++++ PROVIDED DATA ++++

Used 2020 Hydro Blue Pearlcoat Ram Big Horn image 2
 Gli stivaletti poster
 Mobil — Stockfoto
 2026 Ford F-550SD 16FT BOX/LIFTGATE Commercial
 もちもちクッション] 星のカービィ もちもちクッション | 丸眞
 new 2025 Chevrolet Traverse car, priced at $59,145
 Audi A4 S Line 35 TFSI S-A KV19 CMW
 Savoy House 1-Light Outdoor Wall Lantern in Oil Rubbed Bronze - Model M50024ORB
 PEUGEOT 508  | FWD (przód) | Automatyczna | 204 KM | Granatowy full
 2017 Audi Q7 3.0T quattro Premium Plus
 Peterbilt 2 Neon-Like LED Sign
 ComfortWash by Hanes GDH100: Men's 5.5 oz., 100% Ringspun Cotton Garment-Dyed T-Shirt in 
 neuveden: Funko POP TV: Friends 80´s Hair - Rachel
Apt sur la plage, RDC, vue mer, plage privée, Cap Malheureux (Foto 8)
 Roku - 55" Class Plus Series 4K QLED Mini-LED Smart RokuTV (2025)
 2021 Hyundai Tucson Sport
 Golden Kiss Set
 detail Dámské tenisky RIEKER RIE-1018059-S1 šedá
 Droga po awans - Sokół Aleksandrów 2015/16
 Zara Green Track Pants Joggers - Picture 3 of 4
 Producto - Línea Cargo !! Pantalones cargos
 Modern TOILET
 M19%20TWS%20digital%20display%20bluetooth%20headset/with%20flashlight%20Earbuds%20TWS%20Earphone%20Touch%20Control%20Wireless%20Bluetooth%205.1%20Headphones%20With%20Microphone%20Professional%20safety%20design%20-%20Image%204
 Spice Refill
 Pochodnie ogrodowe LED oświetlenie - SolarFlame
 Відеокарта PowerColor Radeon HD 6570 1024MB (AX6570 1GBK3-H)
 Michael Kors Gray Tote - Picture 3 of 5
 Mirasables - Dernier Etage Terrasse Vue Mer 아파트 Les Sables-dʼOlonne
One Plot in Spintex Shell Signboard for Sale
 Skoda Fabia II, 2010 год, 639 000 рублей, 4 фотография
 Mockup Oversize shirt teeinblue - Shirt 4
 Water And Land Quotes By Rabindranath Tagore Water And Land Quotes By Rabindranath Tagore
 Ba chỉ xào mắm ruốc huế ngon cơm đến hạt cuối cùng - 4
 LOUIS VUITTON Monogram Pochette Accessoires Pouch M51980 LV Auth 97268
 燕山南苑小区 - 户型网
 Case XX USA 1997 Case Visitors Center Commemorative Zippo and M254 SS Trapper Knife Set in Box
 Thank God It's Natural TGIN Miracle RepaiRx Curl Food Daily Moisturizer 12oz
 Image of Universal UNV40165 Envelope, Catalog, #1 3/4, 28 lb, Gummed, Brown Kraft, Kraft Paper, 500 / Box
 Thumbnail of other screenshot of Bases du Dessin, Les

++++

[WHAT TO PRODUCE]: When the entries above are retyped, each line must stay exactly as it is.

[RESPONSE AREA]:
Used 2020 Hydro Blue Pearlcoat Ram Big Horn image 2
 Gli stivaletti poster
 Mobil — Stockfoto
 2026 Ford F-550SD 16FT BOX/LIFTGATE Commercial
 もちもちクッション] 星のカービィ もちもちクッション | 丸眞
 new 2025 Chevrolet Traverse car, priced at $59,145
 Audi A4 S Line 35 TFSI S-A KV19 CMW
 Savoy House 1-Light Outdoor Wall Lantern in Oil Rubbed Bronze - Model M50024ORB
 PEUGEOT 508  | FWD (przód) | Automatyczna | 204 KM | Granatowy full
 2017 Audi Q7 3.0T quattro Premium Plus
 Peterbilt 2 Neon-Like LED Sign
 ComfortWash by Hanes GDH100: Men's 5.5 oz., 100% Ringspun Cotton Garment-Dyed T-Shirt in 
 neuveden: Funko POP TV: Friends 80´s Hair - Rachel
Apt sur la plage, RDC, vue mer, plage privée, Cap Malheureux (Foto 8)
 Roku - 55" Class Plus Series 4K QLED Mini-LED Smart RokuTV (2025)
 2021 Hyundai Tucson Sport
 Golden Kiss Set
 detail Dámské tenisky RIEKER RIE-1018059-S1 šedá
 Droga po awans - Sokół Aleksandrów 2015/16
 Zara Green Track Pants Joggers - Picture 3 of 4
 Producto - Línea Cargo !! Pantalones cargos
 Modern TOILET
 M19%20TWS%20digital%20display%20bluetooth%20headset/with%20flashlight%20Earbuds%20TWS%20Earphone%20Touch%20Control%20Wireless%20Bluetooth%205.1%20Headphones%20With%20Microphone%20Professional%20safety%20design%20-%20Image%204
 Spice Refill
 Pochodnie ogrodowe LED oświetlenie - SolarFlame
 Відеокарта PowerColor Radeon HD 6570 1024MB (AX6570 1GBK3-H)
 Michael Kors Gray Tote - Picture 3 of 5
 Mirasables - Dernier Etage Terrasse Vue Mer 아파트 Les Sables-dʼOlonne
One Plot in Spintex Shell Signboard for Sale
 Skoda Fabia II, 2010 год, 639 000 рублей, 4 фотография
 Mockup Oversize shirt teeinblue - Shirt 4
 Water And Land Quotes By Rabindranath Tagore Water And Land Quotes By Rabindranath Tagore
 Ba chỉ xào mắm ruốc huế ngon cơm đến hạt cuối cùng - 4
 LOUIS VUITTON Monogram Pochette Accessoires Pouch M51980 LV Auth 97268
 燕山南苑小区 - 户型网
 Case XX USA 1997 Case Visitors Center Commemorative Zippo and M254 SS Trapper Knife Set in Box
 Thank God It's Natural TGIN Miracle RepaiRx Curl Food Daily Moisturizer 12oz
 Image of Universal UNV40165 Envelope, Catalog, #1 3/4, 28 lb, Gummed, Brown Kraft, Kraft Paper, 500 / Box
 Thumbnail of other screenshot of Bases du Dessin, Les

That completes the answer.